----- DATA TO PROCESS

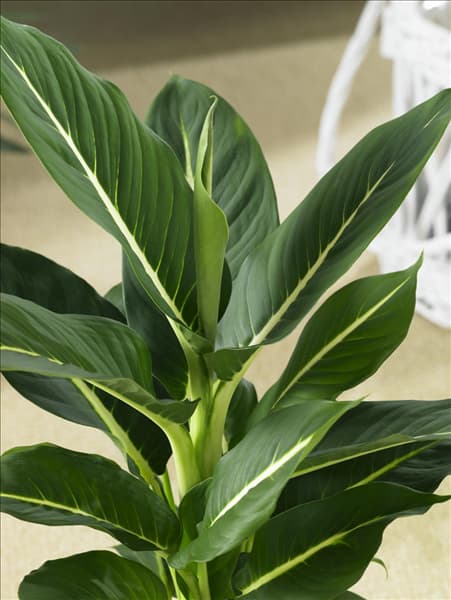 Dieffenbachia Green Magic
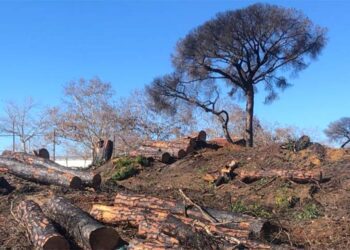 Los trabajos urgentes contempla la limpieza y tala de ejemplares muertos / FOTO: Ayto.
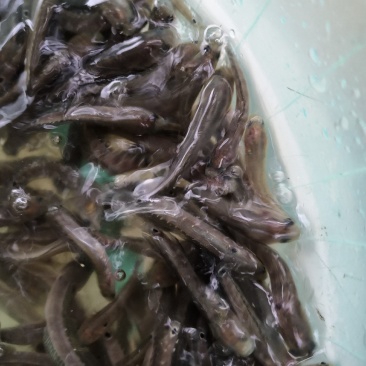 水产优质鱼苗，七星鱼苗，花星鱼苗，耐高温，耐寒冷。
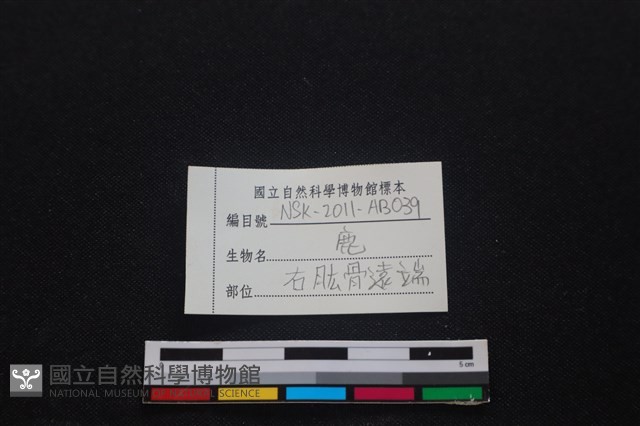 梅花鹿骨藏品圖，第3張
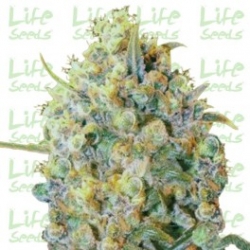 Nasiona marihuany Big Bud od Life Seeds  w seedfarm.pl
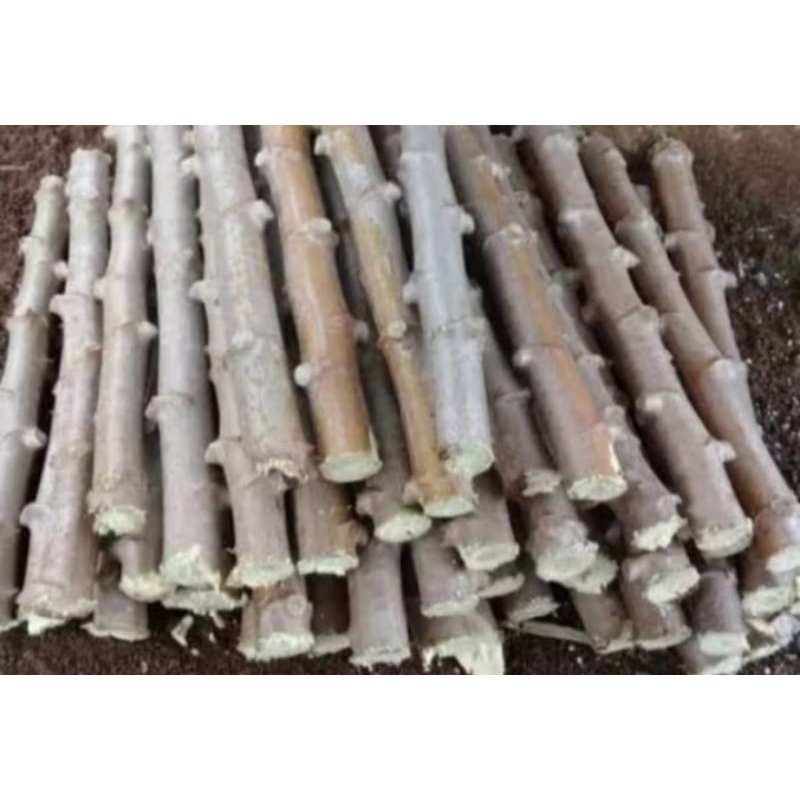 Bibit singkong/Bibit ketela pohon.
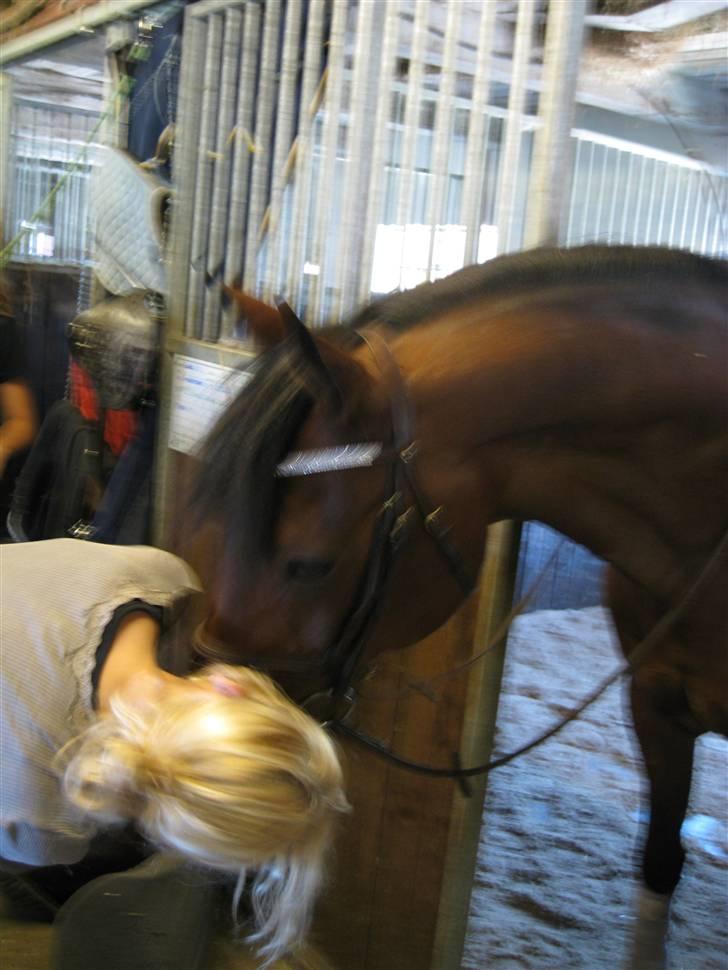 Søborggård Ridelejr Uge 32 billede 128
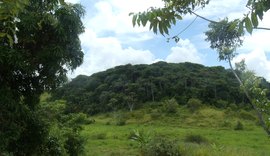 Incra já está liberando consulta e emissão de Certificado de Cadastro de Imóvel Rural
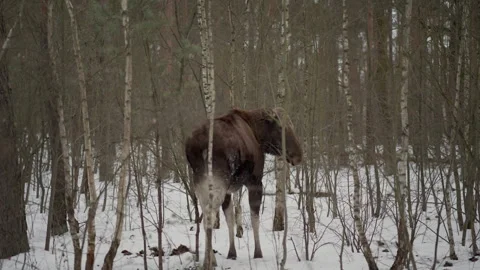 Aggressive Wild Moose Charges At Camera Operator In Winter Forest POV Video stock 329102851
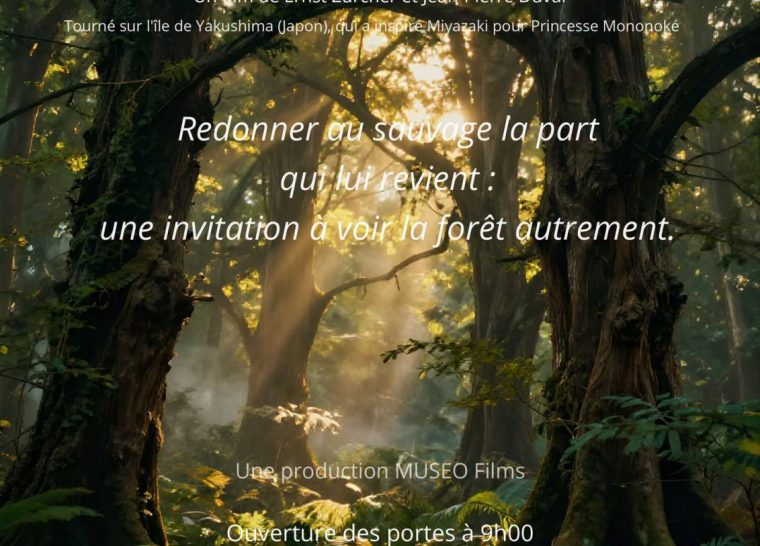 Projection « La Forêt de la Princesse »
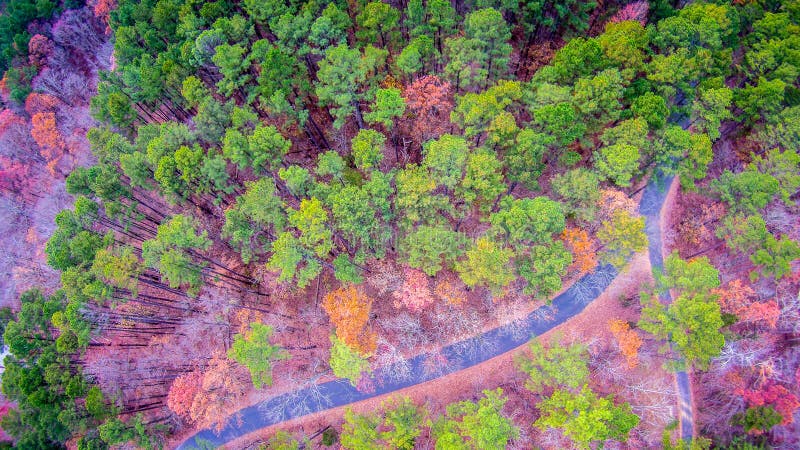 Aerial view over wooded forest and road royalty free stock photography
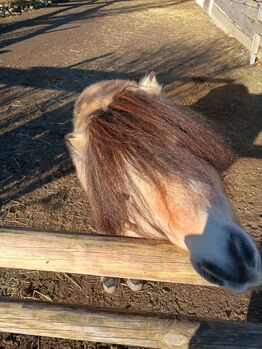 Shetty Hengst, Wiester , Horses For Sale, Eitting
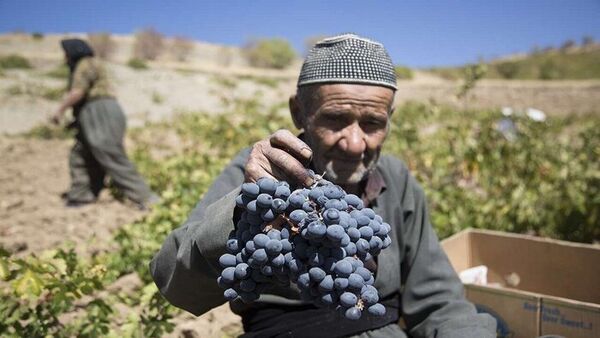 انگور دیم مریوان طلای سیاه کردستان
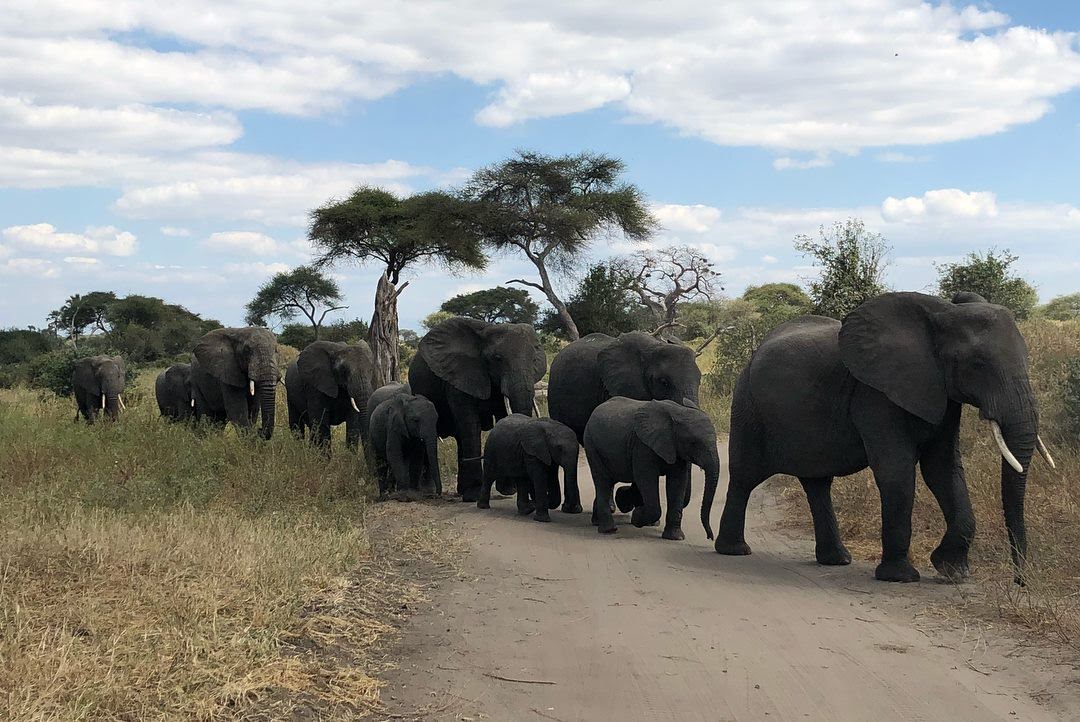 Discovering Africa's Big Five 7 Elephants in Tarangire National Park part of Africa;s big five viewing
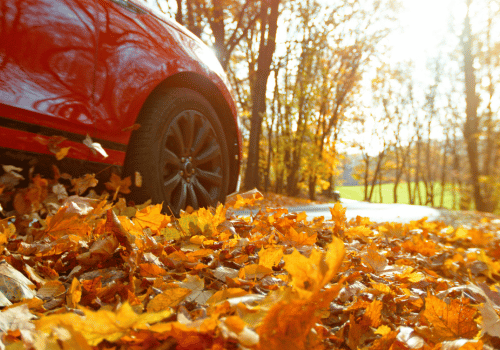 Is Your European Vehicle Fall-Ready for the Cooler Days Ahead?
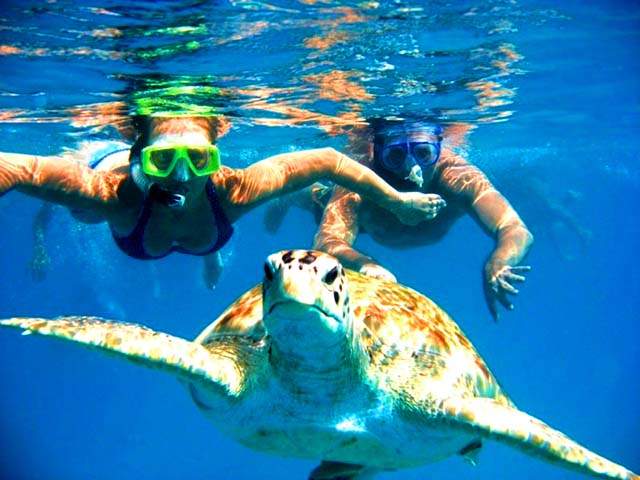 Bơi cùng Rùa biển (Ảnh: Collection)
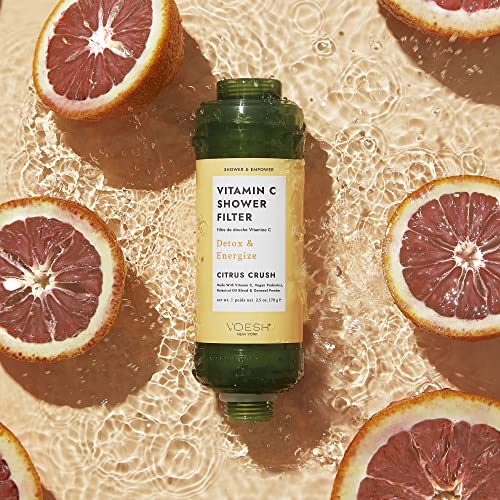 Vitamin C Shower Filter Duo (2 Count)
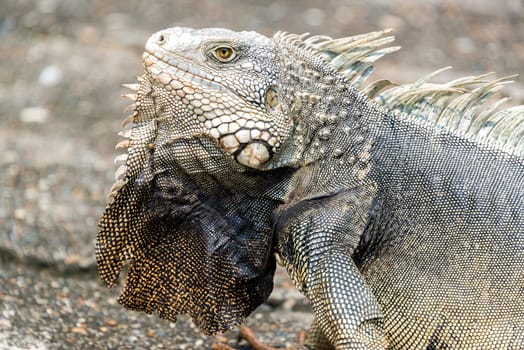 Closeup view of an very large iguana in Colombia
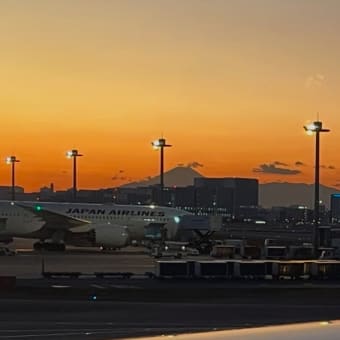 ⑬2024年最後の旅行🛩️は、シドニー〜最終ブログです。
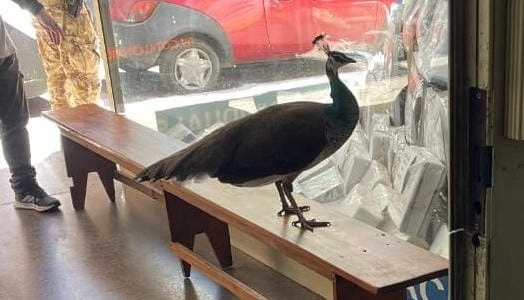 Un insólito peatón en el centro de Córdoba: rescatan a un pavo real suelto en plena ciudad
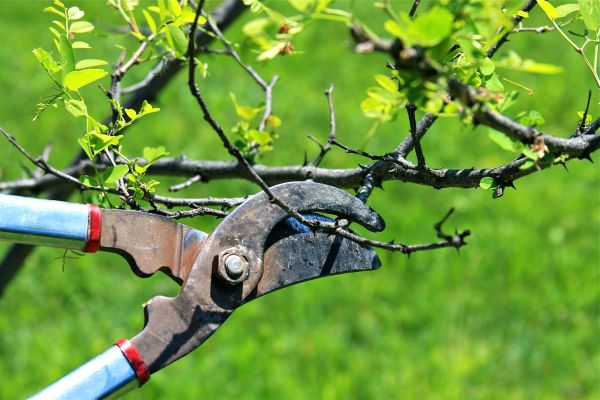 Cost of Branches Pruning in Bountiful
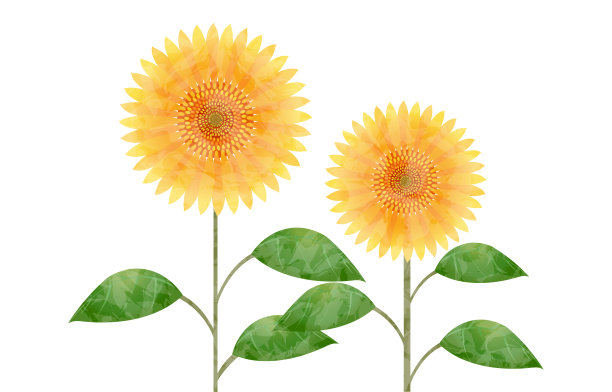 水彩画风格，两朵向日葵，没有背景图片下载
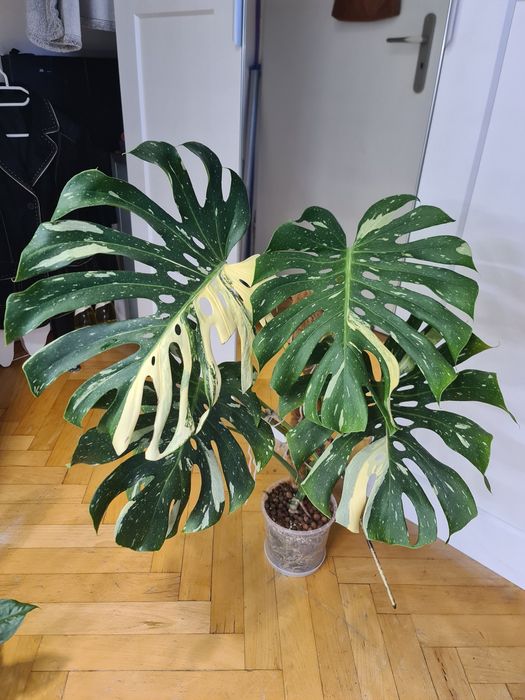 Monstera thai constellation big form XL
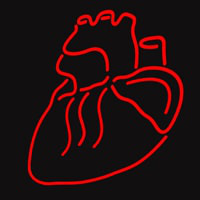 Human Heart Enseigne Néon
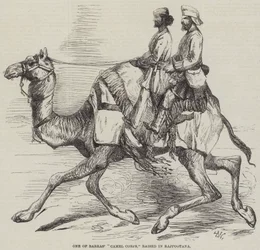 Un des corps de chameaux de Barras, levé à Rajpootana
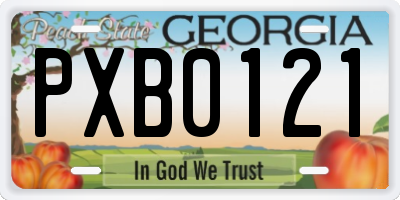GA license plate PXB0121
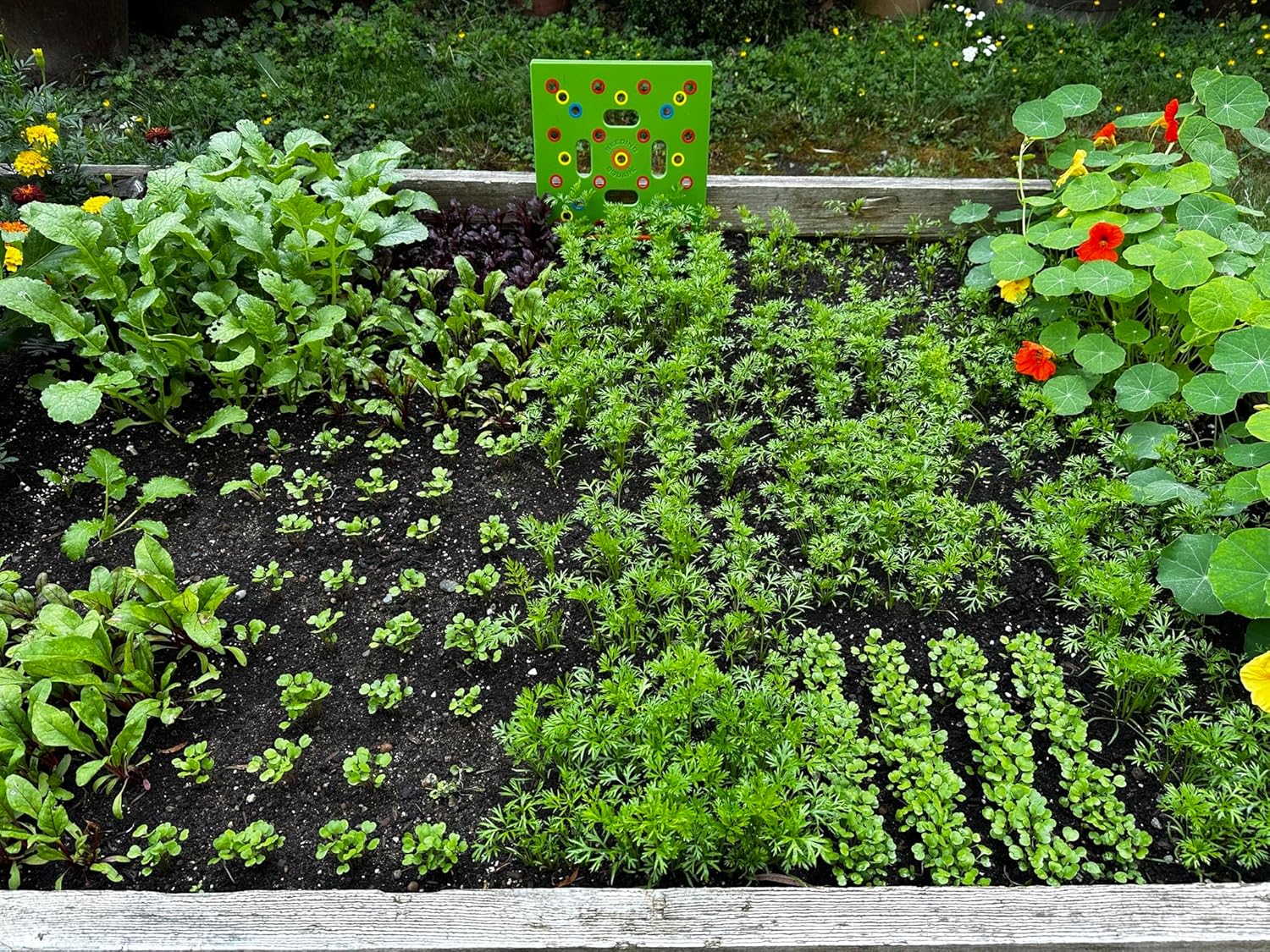 Square foot garden seed spacing template on a raised bed for beginners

----------

*PROMPT*:
Your copy should hold only the lines from the one containing "Søborggård Ridelejr Uge 32 billede 128" through the last line of the listing, both included, retyped exactly and free of pictures.

*RESPONSE BELOW*:
 Søborggård Ridelejr Uge 32 billede 128
 Incra já está liberando consulta e emissão de Certificado de Cadastro de Imóvel Rural
 Aggressive Wild Moose Charges At Camera Operator In Winter Forest POV Video stock 329102851
 Projection « La Forêt de la Princesse »
 Aerial view over wooded forest and road royalty free stock photography
 Shetty Hengst, Wiester , Horses For Sale, Eitting
 انگور دیم مریوان طلای سیاه کردستان
 Discovering Africa's Big Five 7 Elephants in Tarangire National Park part of Africa;s big five viewing
 Is Your European Vehicle Fall-Ready for the Cooler Days Ahead?
 Bơi cùng Rùa biển (Ảnh: Collection)
 Vitamin C Shower Filter Duo (2 Count)
 Closeup view of an very large iguana in Colombia
 ⑬2024年最後の旅行🛩️は、シドニー〜最終ブログです。
 Un insólito peatón en el centro de Córdoba: rescatan a un pavo real suelto en plena ciudad
 Cost of Branches Pruning in Bountiful
 水彩画风格，两朵向日葵，没有背景图片下载
 Monstera thai constellation big form XL
 Human Heart Enseigne Néon
 Un des corps de chameaux de Barras, levé à Rajpootana
GA license plate PXB0121
 Square foot garden seed spacing template on a raised bed for beginners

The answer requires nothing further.